In “The Wealth of Nations,” Smith spelled out the benefits of the division of labor. He wrote that someone working alone might be able to “make one pin in a day, and certainly could not make twenty.” But production greatly increased when the job was broken into individual tasks in which a person could specialize. At a production facility with 10 employees, the men made 48,000 pins in a single day.
This principle applies to companies in different countries. Some countries are more efficient at producing things such as automobiles, software, lumber and steel than other countries.

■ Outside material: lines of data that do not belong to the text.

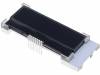 RX1602A5-TIW-TS, Дисплей: LCD; алфавитно-цифровой; COG, FSTN Negative; 16x2; LED, RAYSTAR OPTRONICS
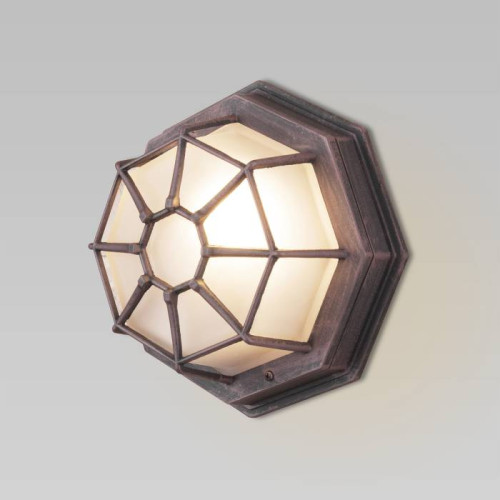 Уличный настенный светильник Elektrostandard Telarana Telarana S капучино (GL 1023D)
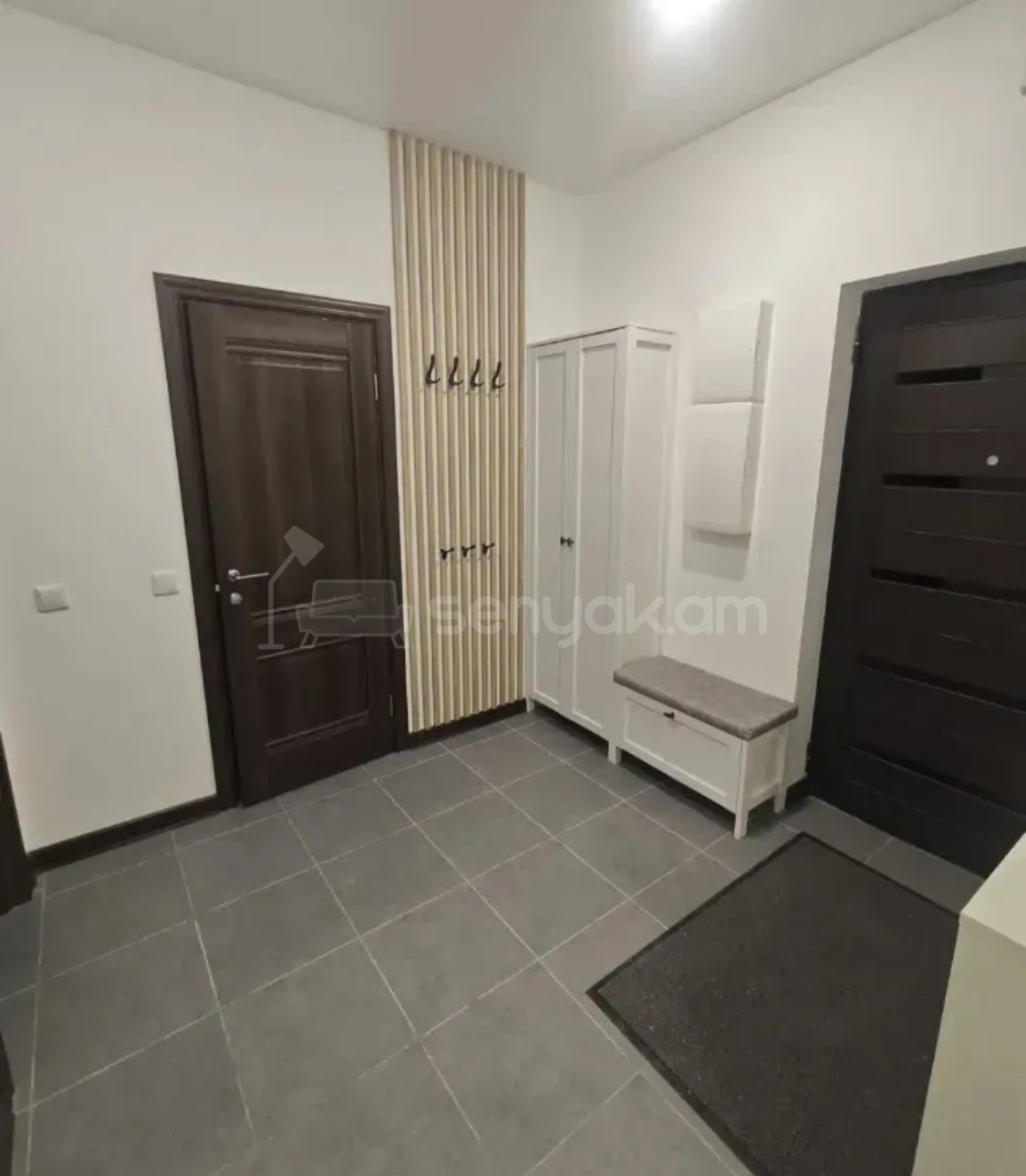 2 Սենյականոց Բնակարան Նորակառույցում, 53քմ, 4/12 հարկ, Կապիտալ Վերանորոգված, Կահավորված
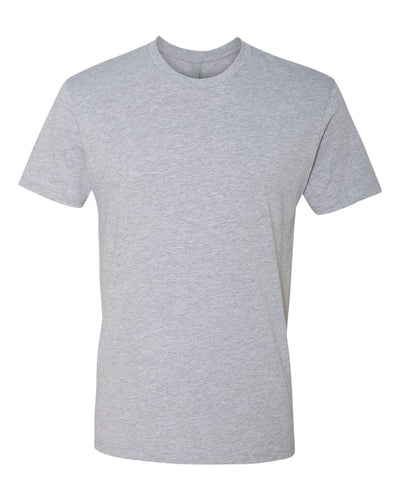 Next Level 3600 Heather Grey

This happens for a number of reasons. Natural resources, such as iron and lithium, aren’t evenly distributed. Different crops need different types of soil and weather to grow. Knowledge isn’t evenly distributed either, which is why you often see industries cluster in specific cities. Think of all of the technology companies in Silicon Valley or financial institutions in London.

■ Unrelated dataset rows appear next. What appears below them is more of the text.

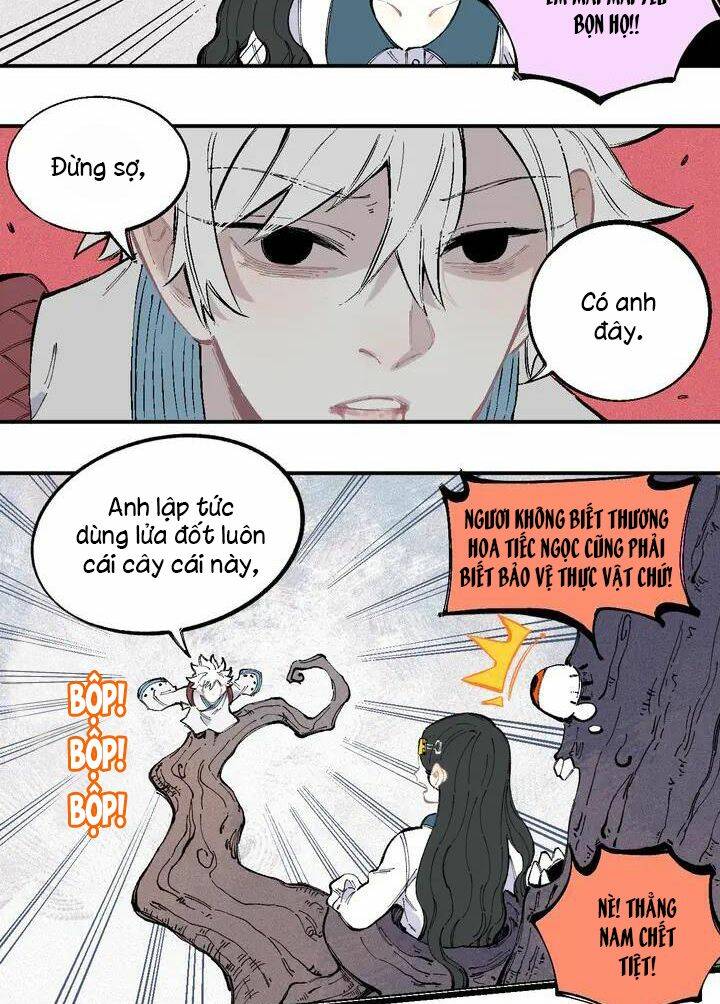 Anh Trai Tôi Đến Từ Núi Sâu Chương 39 Ảnh 16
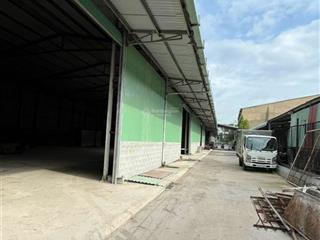 Khoxưởng dương thị giang q.12 dt 600m2  cont đêm, trần trên 8mnền cao ráo kho nb bv 24/24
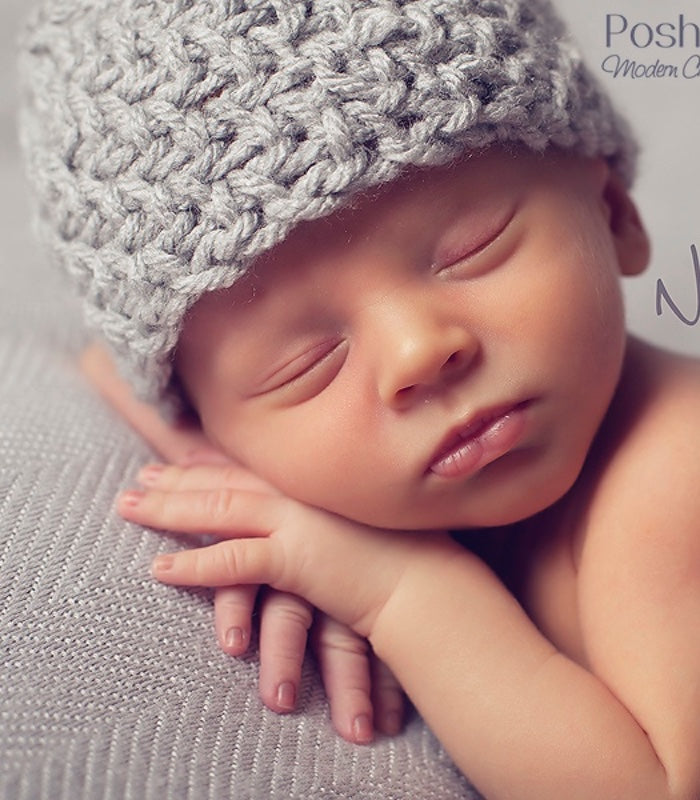 crochet pattern baby boy hat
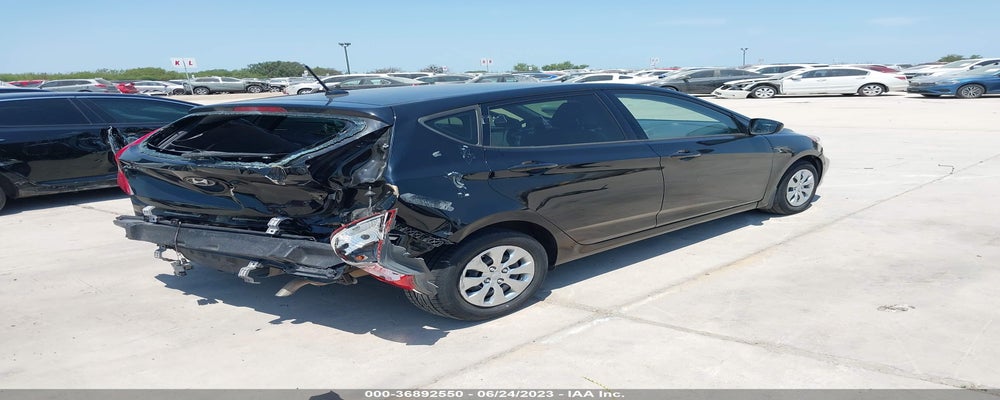 KMHCT5AE7HU354321 2017 HYUNDAI ACCENT photo no. 4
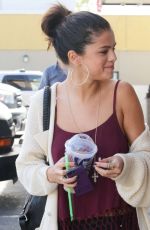 SELENA GOMEZ Out and About in Los Angeles 1202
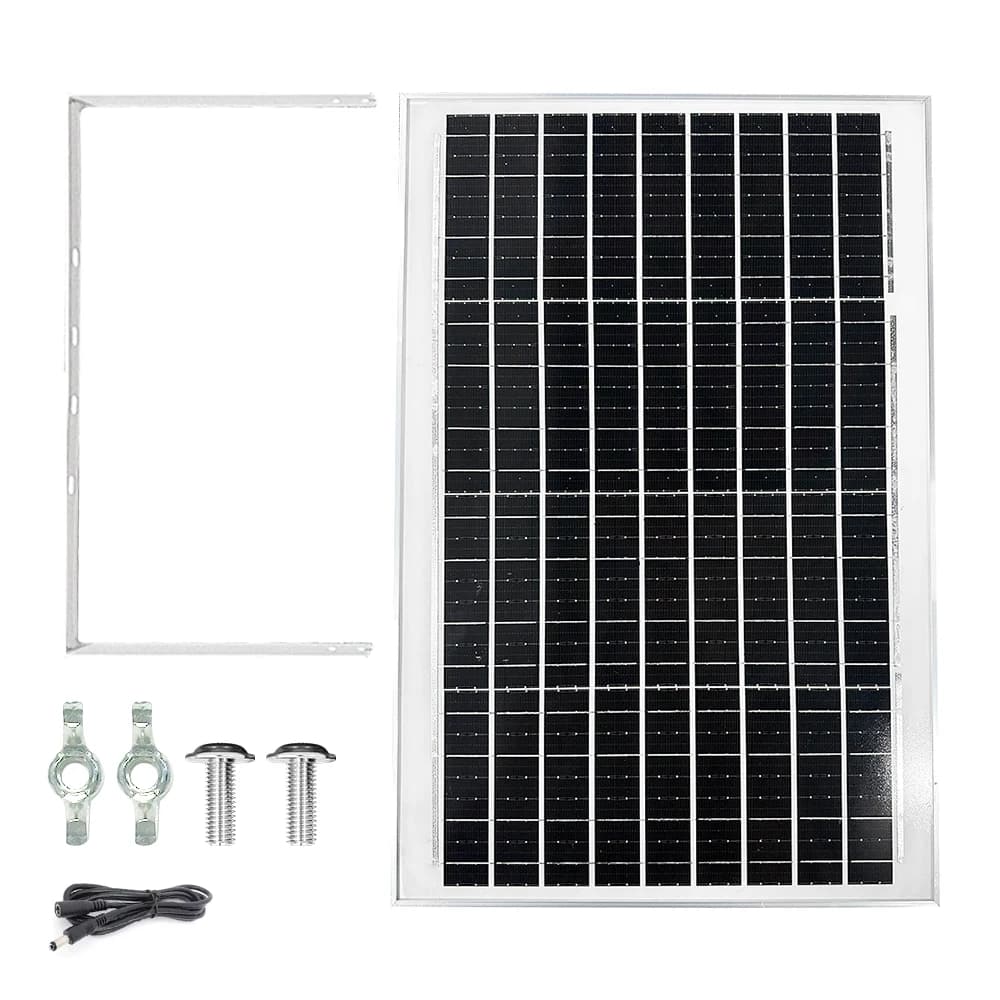 SOECOPO 1500W Grade A + Design énergie domestique RV voyages bateau 18V panneau solaire photovolta é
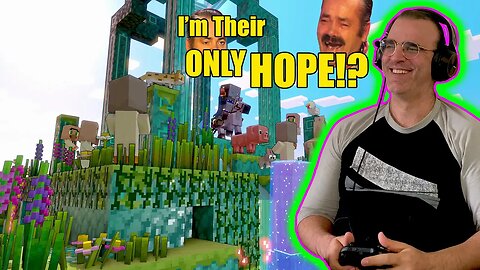 I hate Minecraft BUT will I like Minecraft Legends as an Adult Gamer? | Xbox series X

Efficiency jumps when producing at scale and using automation. Significant capital investments can dramatically reduce per-unit costs. Those facilities usually aren’t mobile, giving certain locations major advantages in production.

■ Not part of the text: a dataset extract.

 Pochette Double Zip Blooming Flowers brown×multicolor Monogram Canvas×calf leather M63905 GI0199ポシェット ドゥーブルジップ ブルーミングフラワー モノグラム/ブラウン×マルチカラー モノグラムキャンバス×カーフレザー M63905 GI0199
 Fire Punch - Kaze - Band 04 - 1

The government can hinder companies as well. A company in a country with fewer government regulations will have an advantage. Exorbitant union contracts can also make companies less competitive.
Bottom line: Free trade promotes increased specialization, leading to higher production. Greater supply lowers costs. This isn’t just good for GDP overall. Workers who are more productive earn more money, while the cost of stuff decreases.
In contrast, tariffs are a tax on goods that come from a different country. By artificially raising the price of imports, U.S.-made products become more appealing to consumers. Tariff supporters argue that this helps American industries. Tariffs force companies to invest in U.S. facilities and hire more American workers.
That’s true but incomplete. Tariffs raise prices for consumers and American companies, such as homebuilders, that rely on foreign products. If countries raise their tariffs in response to U.S. tariffs, American companies that export and their workers will be hurt.
The stronger arguments for tariffs are noneconomic. For one, China is an ambitious and powerful global rival. Tariffs on Chinese goods will raise prices in America. But it’s worth that pain to force companies to move their businesses out of China, which will weaken its economy. Tariff policy can and should incentivize companies to shift investments from China to U.S. allies, such as Taiwan and Japan.
Another is that the United States should have a sufficient manufacturing infrastructure to support its military and society in a war. Even if manufacturing weapons outside the United States is cheaper, it would be a national security risk to rely on China to do so.
Finally, presidents can use tariffs as leverage to reduce the tariffs imposed by other countries. Even in his tariff speech Tuesday, Trump hinted at that approach, attacking the high tariffs other countries place on U.S.-made vehicles. But he spoke glowingly of the economic benefits of tariffs.
It’s unclear which path Trump wants to take. For now, he has put the country on the tariff tightrope.